Webb Murkett is handy about the house; he has a cellar full of expensive power tools and subscribes to magazines with titles like Fine Woodworking and Homecraft. In every corner of the garrison colonial he and Cindy have shared for the seven years of their marriage there are hand-made refinements of rounded, stained, and varnished wood – shelves, cabinets, built-in lazy susans with as many compartments as a seashell – expressing the patience and homelovingness of the house's master. There is a way of working with rotten wood, and making it as solid as marble, and like marble swirled and many-shaded; this art is on display in the base of several lamps and in a small bowl holding an untouched spiral of cigarettes on the butler's-tray table, which Webb has also fashioned, down to its gleaming copper hinges shaped like butterflies. Some of these objects must have come from the homes of Webb's previous marriages, and Harry wonders what these phantom women have kept, that so much remains. Webb's previous marriages are represented in his great long sunken living room only by color photographs, in ensemble frames of unusual proportion that Webb himself has cut and grooved and cemented together of Lucite, of children too old to be his and Cindy's, caught in a moment of sunshine on the flagstone stoop of another suburban house, or in a sailboat against the blue of a lake that the Kodak chemicals are permitting to fade to yellow, or at a moment of marriage or graduation – for some of these children were now adult, older than Nelson, and infants of a third generation stare out unsmiling, propped on a pillow or held in firm young arms, from among the many smiles of these family groups. Harry has several times in Webb's house slyly searched these photos for the sight of a former wife; but though there are women beheaded or sliced to a splinter by the edge of a frame or another picture, and here and there an unidentifiable mature hand and forearm intrudes behind a set of children's heads, no face seems preserved of the vanished mistresses of all this fleeting family happiness.

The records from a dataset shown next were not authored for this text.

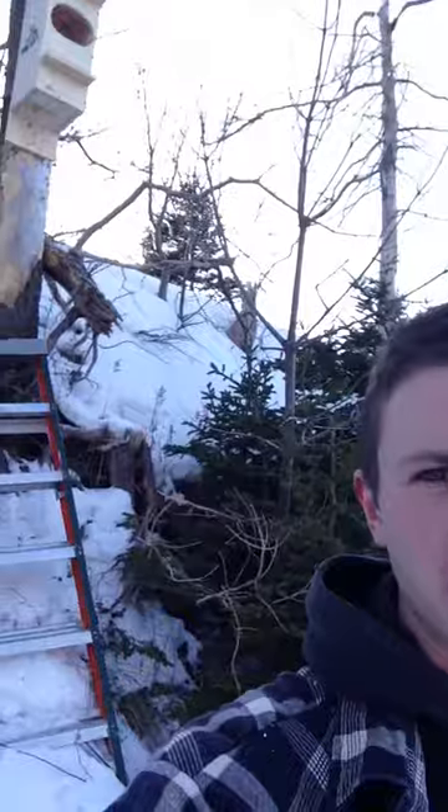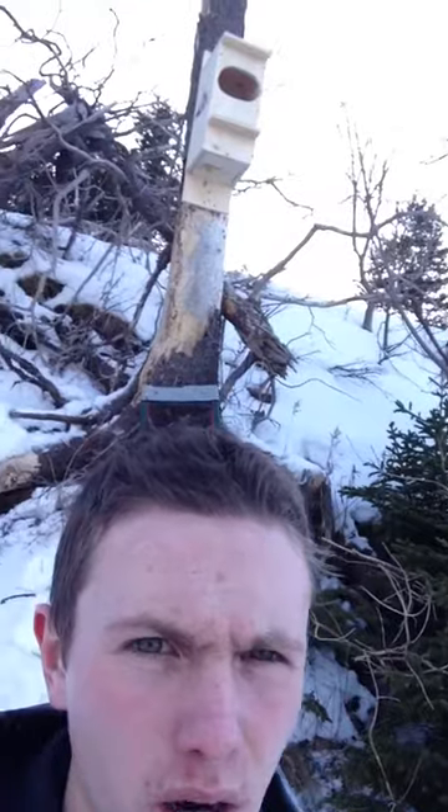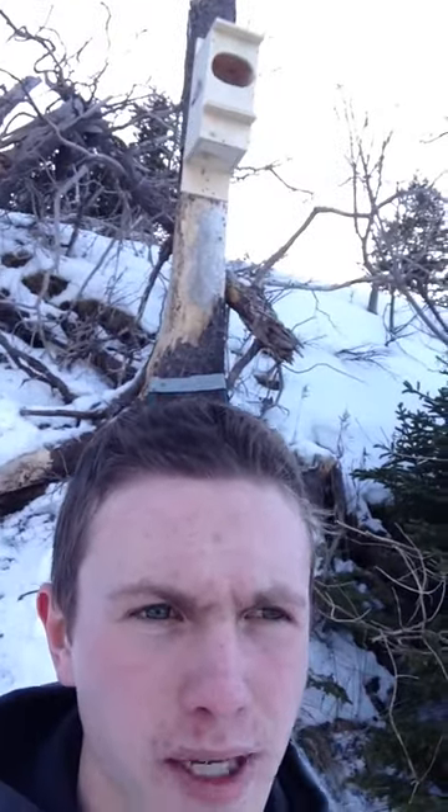We set up our boxes pretty high up. I'm not sure if this gives it much perspective, but that box is about 15 to 20 feet in the air. Keep that in mind when you're placing your owl boxes or any boxes for that matter. Most cavity nesting birds want to be as high as you can get the box, and as you can see, the hole for that nest box is pretty big because the common mergansers are pretty big.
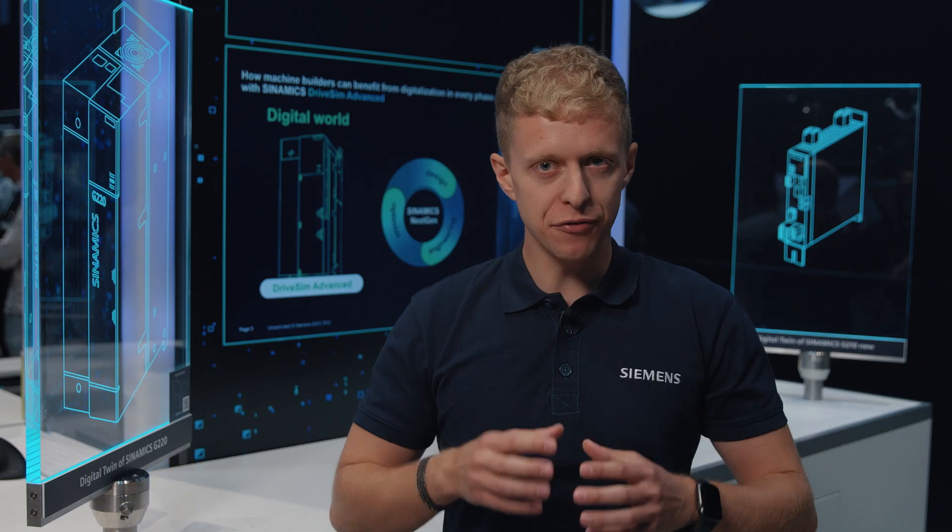The world of automation is evolving, and it's time you evolve with it. Equip yourself with DriveSim Advance and let's redefine precision, efficiency, and savings together. Try a free license and enjoy the simulation world.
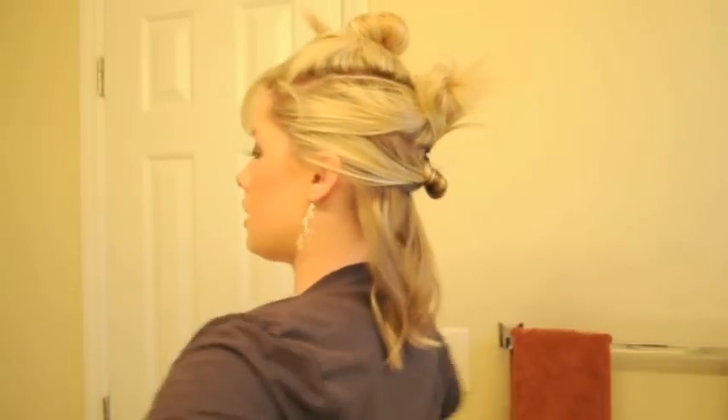I'm just going to add a little bit more curl to my ends over here. So we've got that bottom section done. If the bottom section isn't perfect, you can probably just leave it because it will be covered by the top sections of your hair.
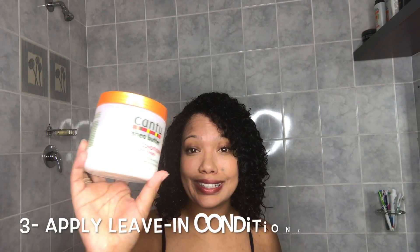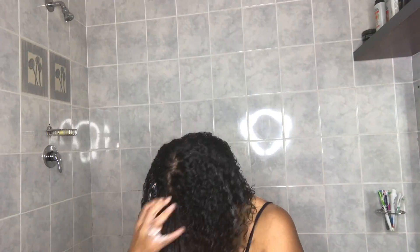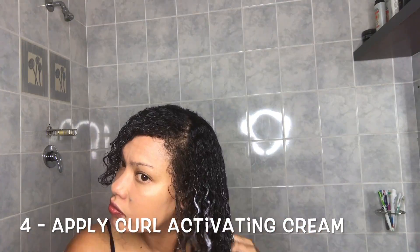I absolutely love this. I section my hair into either two, four, or six sections to ensure that the product is evenly distributed. Next, I'll be using the Curl Kirstie Curl Activating Cream. I always need a curl activating cream — it really makes my hair pop.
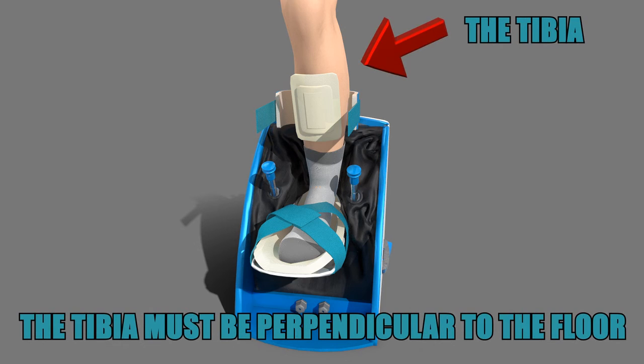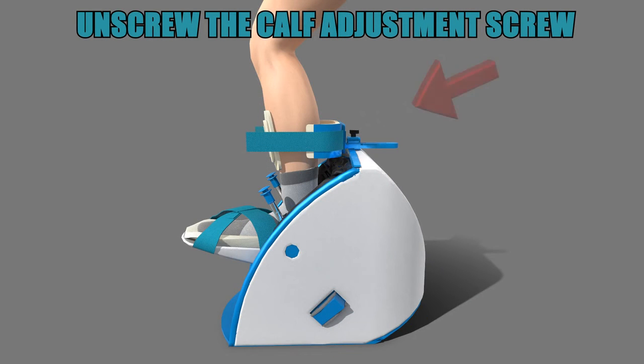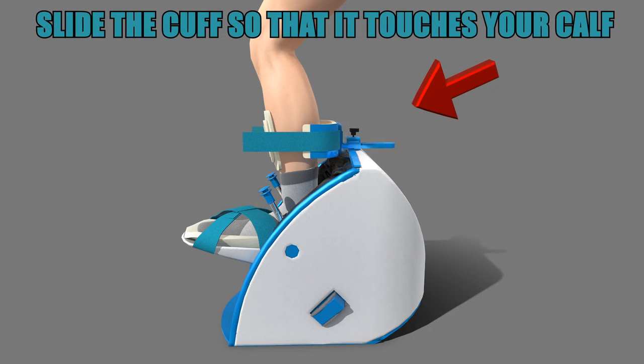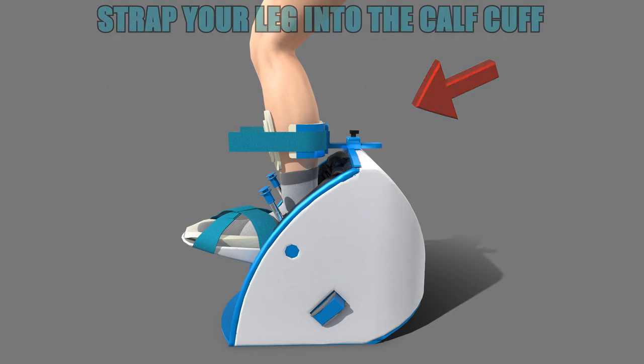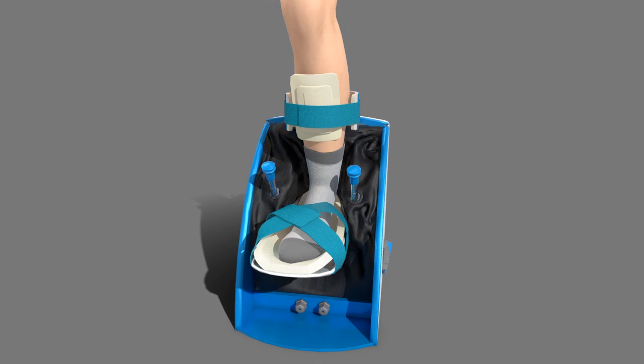Now we must line up your tibia to be perpendicular to the floor. To do this, unscrew the calf adjustment screw. Then move the calf cuff forward or back until your tibia is perpendicular to the floor. Once this is done, you will tighten the calf adjustment screw and then use the blue straps to strap in the leg.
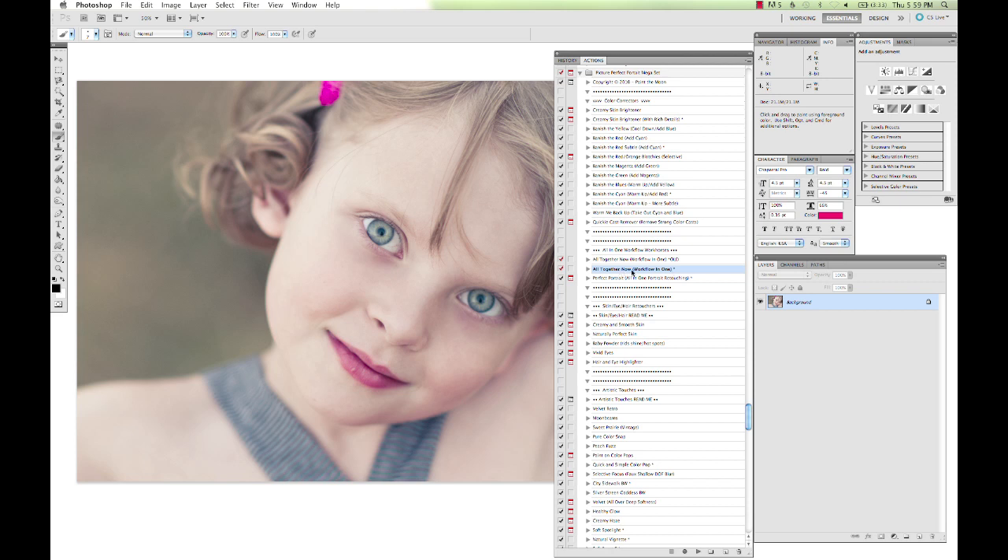There are a lot of different things in there that you can tweak. They're highly customizable, as all of my actions are. Or you can run it and leave it, and it looks really pretty as well. So I'm going to run that — it runs a lot of different actions all in one, so you've got to give it a minute or two to get through it all — but you're going to be left with something amazing at the end.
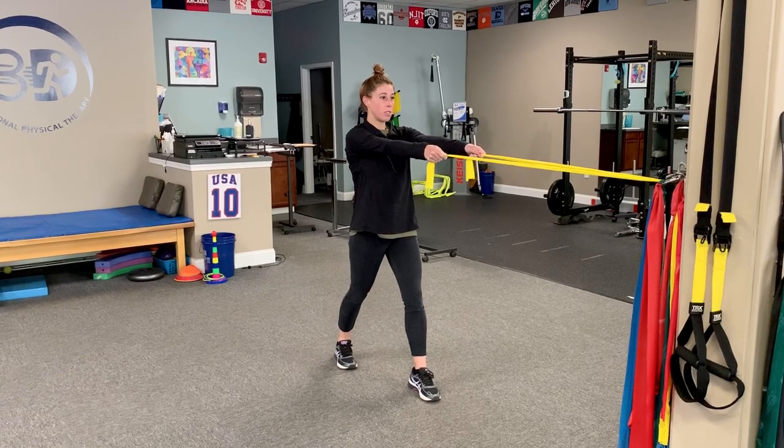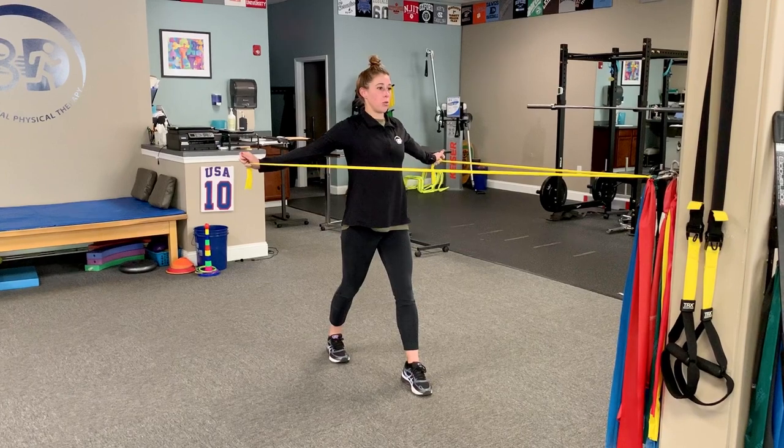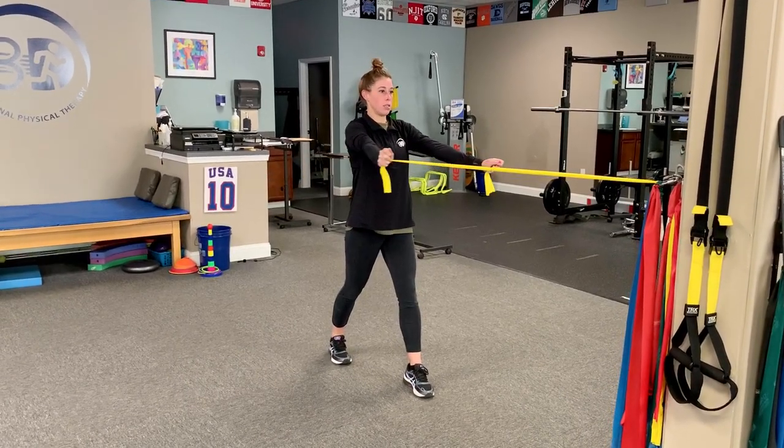You're going to keep your arms nice and straight, looking straight ahead, nice and slow. Pull the band back, squeeze your shoulder blades together, hold for a second, slowly back to start.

When Webb and Cindy entertain, built-in speakers bathe the downstairs rooms in a continuous sweetness of string music and spineless arrangements, of old show tunes or mollified rock classics, voiceless and seamless and with nagging dental associations for Harry. Behind a mahogany bar that Webb salvaged from the tavern of a farmer's hotel being demolished in Brewer and then transported with its brass rail to a corner of his living room, he has constructed a kind of altar to booze, two high doors with rounded tops that meet in a point and shelves that come forward on a lazy-tongs principle with not only the basic whisky, gin, and vodka but exotic drinks like rum and tequila and sake and all the extras you could want from bitters to powdered Old-fashioned mix in little envelopes. And the bar has its own small refrigerator, built in. Much as he admires Webb, Harry thinks when he gets his own dream house he will do without the piped music and such elaborate housing for the liquor.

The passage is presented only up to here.